What you need to do: Write out the following listing's lines from the one with "Double Suite with" to the one with "Adrian Edmondson and Nigel Planer Photo", exactly, with both included and no others.

Excerpted data:
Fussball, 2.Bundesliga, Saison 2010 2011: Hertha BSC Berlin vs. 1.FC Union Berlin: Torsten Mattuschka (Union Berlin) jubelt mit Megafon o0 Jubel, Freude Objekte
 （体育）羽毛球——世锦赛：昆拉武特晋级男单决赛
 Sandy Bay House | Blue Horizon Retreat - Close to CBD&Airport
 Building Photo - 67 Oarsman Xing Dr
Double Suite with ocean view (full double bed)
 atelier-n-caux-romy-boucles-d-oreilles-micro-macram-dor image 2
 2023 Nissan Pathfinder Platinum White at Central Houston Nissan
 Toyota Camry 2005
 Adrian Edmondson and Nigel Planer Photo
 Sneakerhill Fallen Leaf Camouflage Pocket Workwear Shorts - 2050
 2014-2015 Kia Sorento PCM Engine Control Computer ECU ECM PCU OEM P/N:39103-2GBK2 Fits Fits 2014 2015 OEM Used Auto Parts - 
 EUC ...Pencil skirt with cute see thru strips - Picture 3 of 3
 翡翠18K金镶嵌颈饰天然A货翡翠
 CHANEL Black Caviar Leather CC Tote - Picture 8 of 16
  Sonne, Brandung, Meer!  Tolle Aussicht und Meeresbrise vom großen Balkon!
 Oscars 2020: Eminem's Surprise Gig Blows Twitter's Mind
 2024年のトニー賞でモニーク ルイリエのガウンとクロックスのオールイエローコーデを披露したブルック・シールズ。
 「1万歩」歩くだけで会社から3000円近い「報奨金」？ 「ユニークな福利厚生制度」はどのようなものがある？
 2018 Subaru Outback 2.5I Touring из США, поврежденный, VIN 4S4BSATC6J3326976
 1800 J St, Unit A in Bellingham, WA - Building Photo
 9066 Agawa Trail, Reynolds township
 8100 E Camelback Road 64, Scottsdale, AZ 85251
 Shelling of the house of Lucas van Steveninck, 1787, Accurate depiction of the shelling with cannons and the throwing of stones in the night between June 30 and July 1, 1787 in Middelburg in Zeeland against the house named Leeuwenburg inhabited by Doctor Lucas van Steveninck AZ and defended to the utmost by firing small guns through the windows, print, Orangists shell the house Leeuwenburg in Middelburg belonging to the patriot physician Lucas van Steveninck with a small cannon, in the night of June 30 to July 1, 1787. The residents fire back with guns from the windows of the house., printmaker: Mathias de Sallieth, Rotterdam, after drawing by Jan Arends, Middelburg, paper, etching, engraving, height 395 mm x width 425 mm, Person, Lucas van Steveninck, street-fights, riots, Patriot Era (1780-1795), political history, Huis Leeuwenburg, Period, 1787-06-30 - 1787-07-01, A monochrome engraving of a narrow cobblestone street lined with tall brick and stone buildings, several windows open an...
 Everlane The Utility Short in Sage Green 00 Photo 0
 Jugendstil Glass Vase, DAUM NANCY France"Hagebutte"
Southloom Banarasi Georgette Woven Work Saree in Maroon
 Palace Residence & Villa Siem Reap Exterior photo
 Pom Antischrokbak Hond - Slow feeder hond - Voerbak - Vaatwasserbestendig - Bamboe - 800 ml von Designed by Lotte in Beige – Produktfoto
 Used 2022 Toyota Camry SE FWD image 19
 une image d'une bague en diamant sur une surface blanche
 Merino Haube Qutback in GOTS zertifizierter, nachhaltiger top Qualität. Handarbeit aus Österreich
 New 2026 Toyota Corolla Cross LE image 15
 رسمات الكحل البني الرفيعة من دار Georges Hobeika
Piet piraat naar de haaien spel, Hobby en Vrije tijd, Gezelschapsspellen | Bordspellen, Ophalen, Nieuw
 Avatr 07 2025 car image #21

Answer to the exercise:
Double Suite with ocean view (full double bed)
 atelier-n-caux-romy-boucles-d-oreilles-micro-macram-dor image 2
 2023 Nissan Pathfinder Platinum White at Central Houston Nissan
 Toyota Camry 2005
 Adrian Edmondson and Nigel Planer Photo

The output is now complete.